### Task directions
Find the line below with "SUNRingle 26/27.5/29インチ MTBホイール" and the line with "Chapli kabab (1 piece)". Output them and the lines between, exactly, but not the pictures.

### Data excerpts
=== Begin Enclosure ===

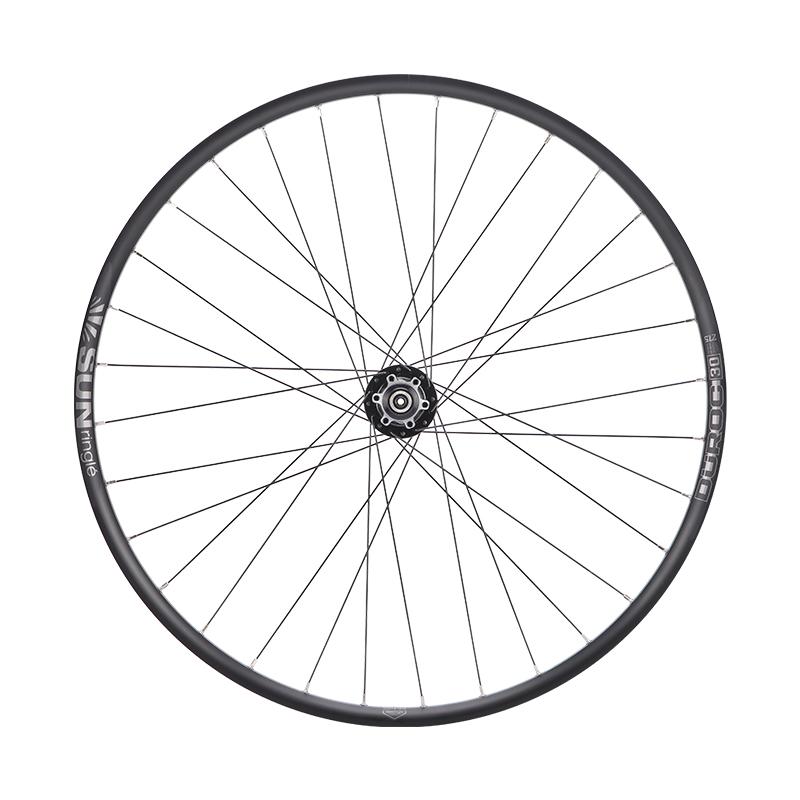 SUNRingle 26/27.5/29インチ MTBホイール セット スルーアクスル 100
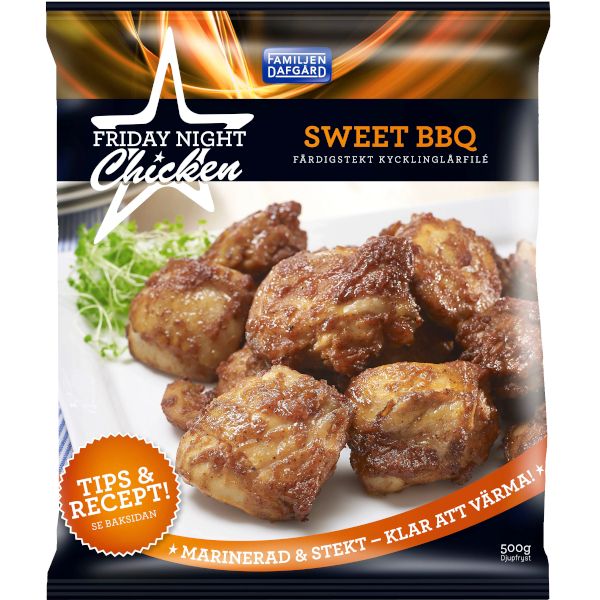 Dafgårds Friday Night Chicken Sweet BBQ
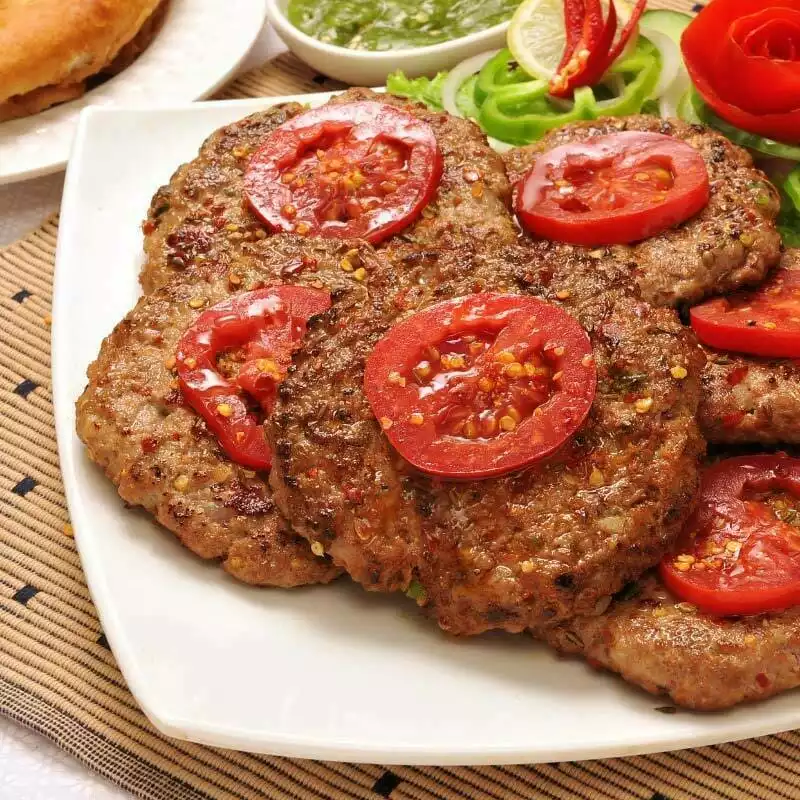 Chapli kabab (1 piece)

=== End Enclosure ===
=== Begin Enclosure ===

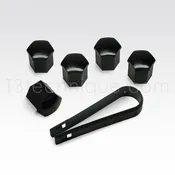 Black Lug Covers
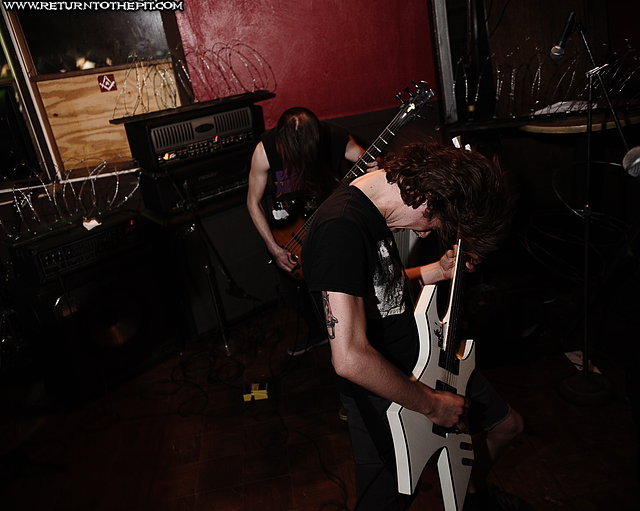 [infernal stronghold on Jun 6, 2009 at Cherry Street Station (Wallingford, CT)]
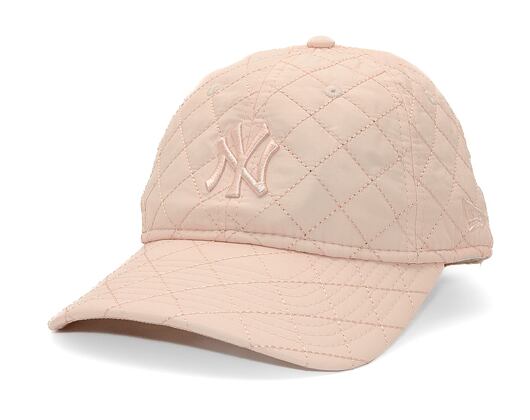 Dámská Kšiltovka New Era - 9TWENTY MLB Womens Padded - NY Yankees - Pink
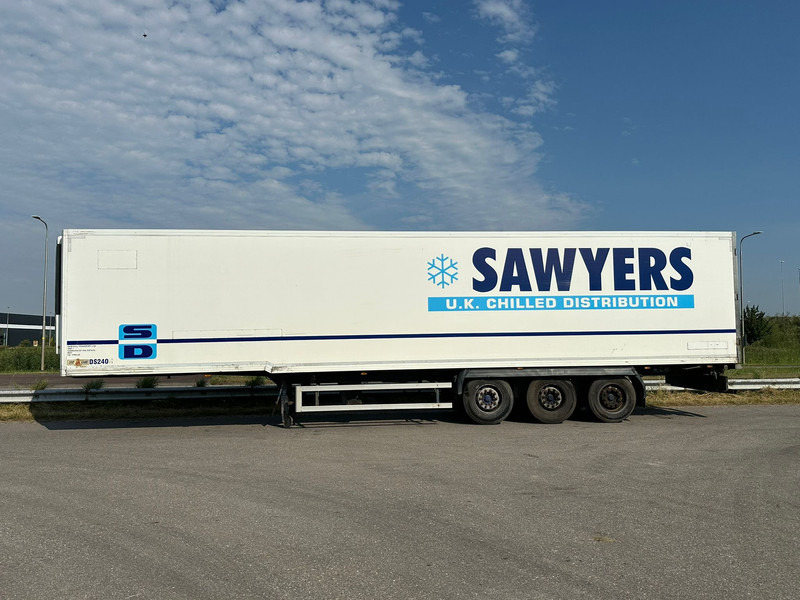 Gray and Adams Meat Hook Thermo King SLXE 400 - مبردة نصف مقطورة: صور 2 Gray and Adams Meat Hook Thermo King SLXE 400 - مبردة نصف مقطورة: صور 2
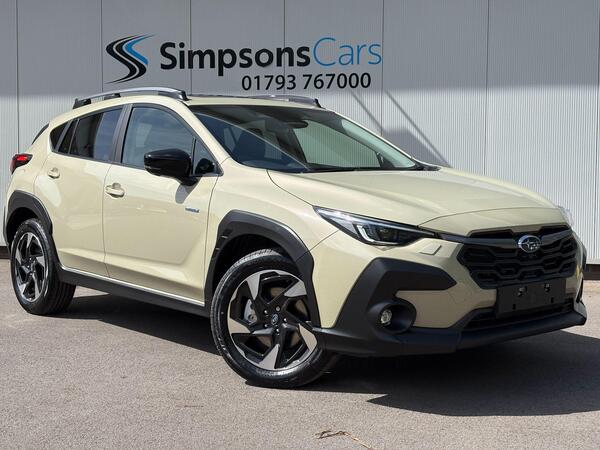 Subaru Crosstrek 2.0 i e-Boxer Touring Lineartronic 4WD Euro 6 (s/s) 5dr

=== End Enclosure ===
=== Begin Enclosure ===

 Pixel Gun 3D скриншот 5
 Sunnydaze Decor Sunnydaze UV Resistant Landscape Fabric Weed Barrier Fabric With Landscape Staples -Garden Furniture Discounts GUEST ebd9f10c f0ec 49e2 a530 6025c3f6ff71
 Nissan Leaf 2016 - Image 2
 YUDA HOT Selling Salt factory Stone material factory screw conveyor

=== End Enclosure ===

### Result below
 SUNRingle 26/27.5/29インチ MTBホイール セット スルーアクスル 100
 Dafgårds Friday Night Chicken Sweet BBQ
 Chapli kabab (1 piece)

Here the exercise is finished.